# Exercise prompt
Check the records below line by line, and report how many lines include the string "show". No other words are needed.

# Data for the task
▽

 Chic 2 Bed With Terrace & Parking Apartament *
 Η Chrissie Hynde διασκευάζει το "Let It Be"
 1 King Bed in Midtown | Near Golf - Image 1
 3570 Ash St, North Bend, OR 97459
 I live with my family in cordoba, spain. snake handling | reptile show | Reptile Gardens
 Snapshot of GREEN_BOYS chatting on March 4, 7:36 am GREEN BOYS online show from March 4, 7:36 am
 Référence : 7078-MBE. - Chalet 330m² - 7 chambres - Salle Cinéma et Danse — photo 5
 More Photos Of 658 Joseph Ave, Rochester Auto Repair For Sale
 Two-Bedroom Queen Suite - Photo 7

△
▽

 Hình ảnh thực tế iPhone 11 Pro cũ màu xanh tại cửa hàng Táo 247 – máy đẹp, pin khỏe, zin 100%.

△
▽

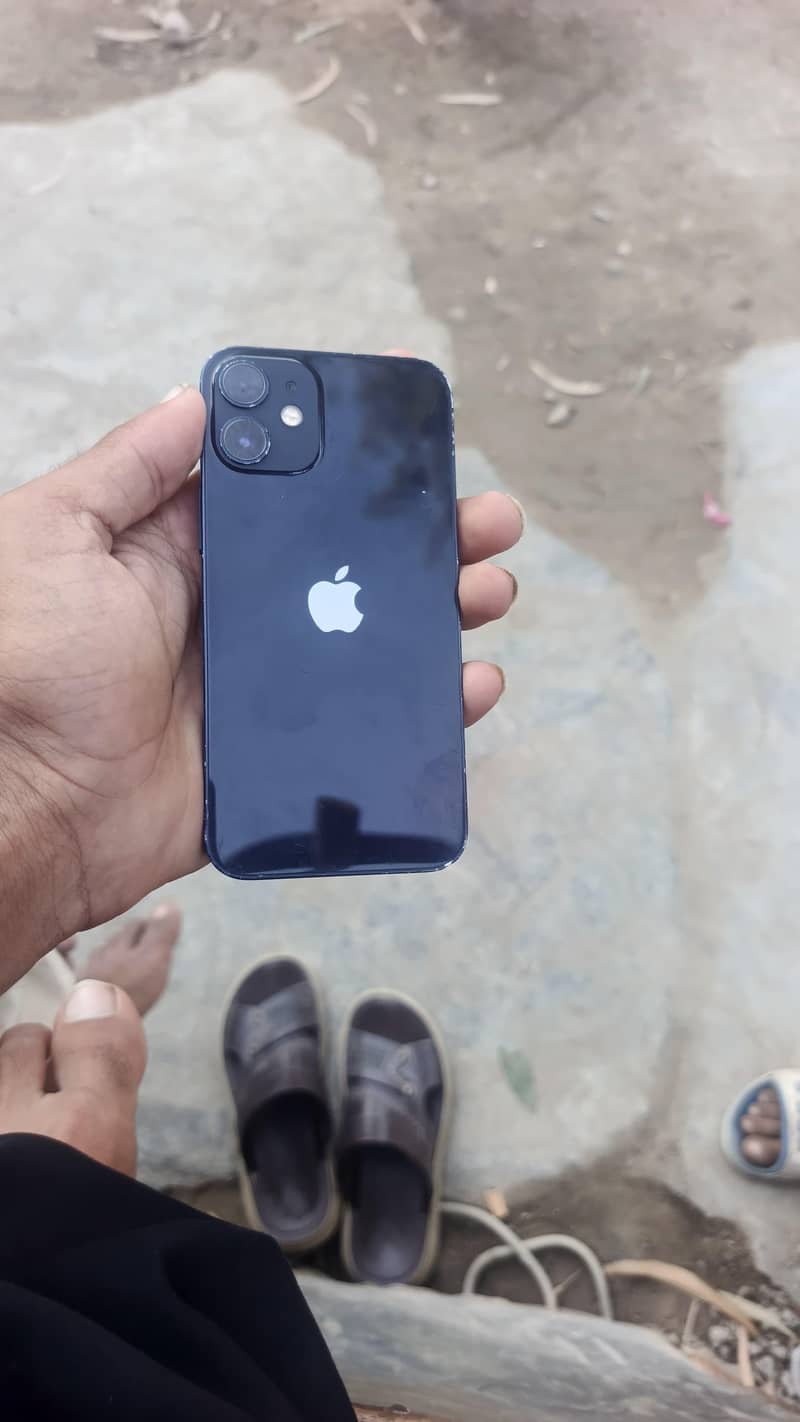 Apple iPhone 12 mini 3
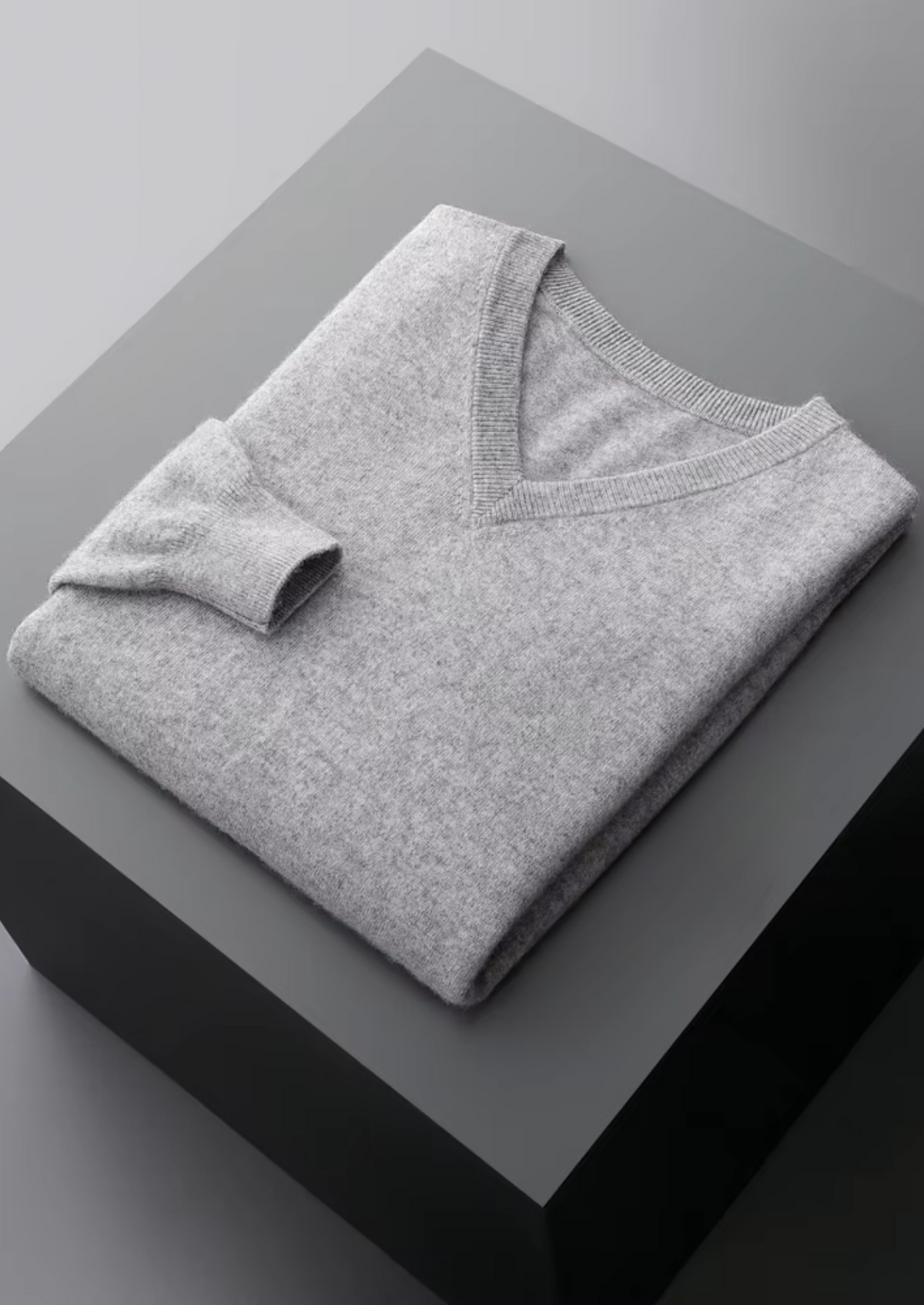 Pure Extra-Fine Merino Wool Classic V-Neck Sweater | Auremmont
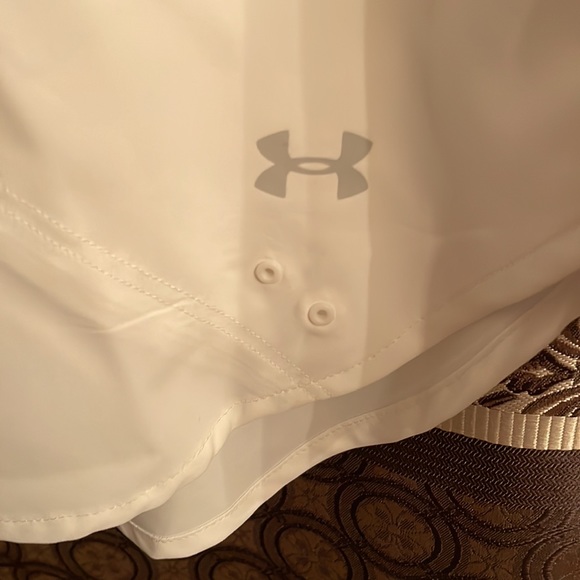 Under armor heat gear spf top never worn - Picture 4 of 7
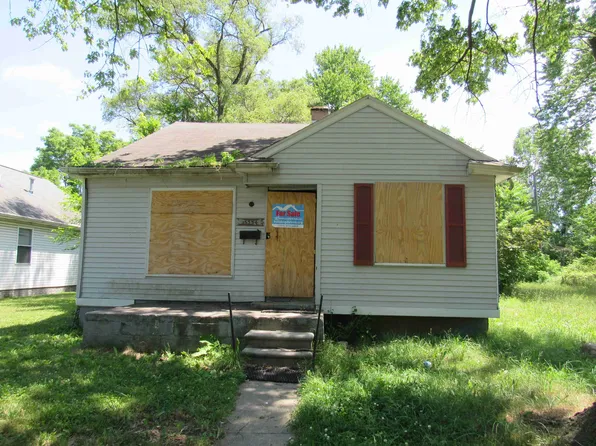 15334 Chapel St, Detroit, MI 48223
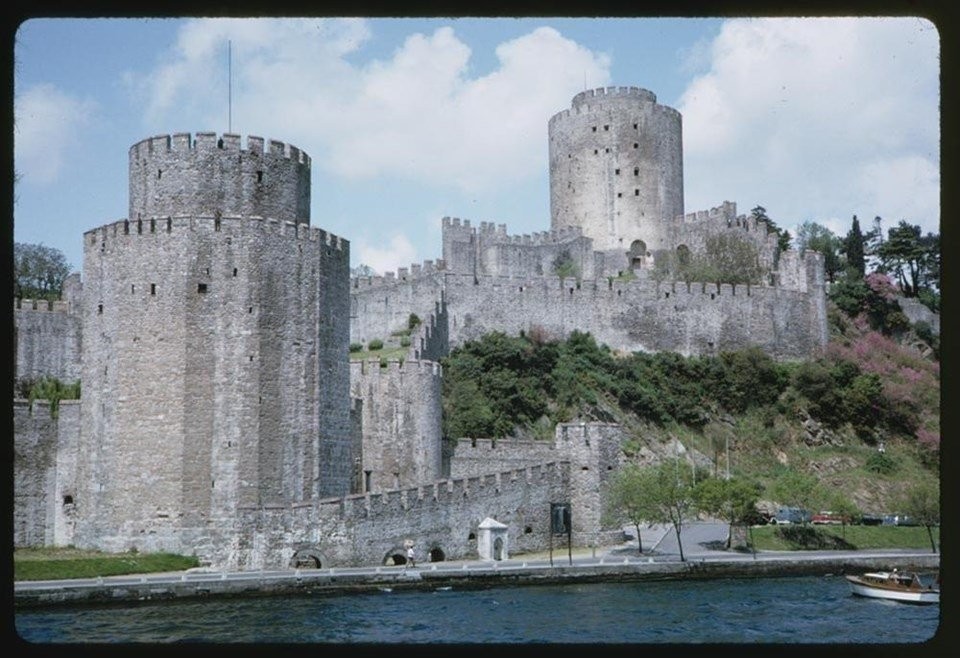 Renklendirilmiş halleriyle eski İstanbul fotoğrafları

△

# Solved problem
2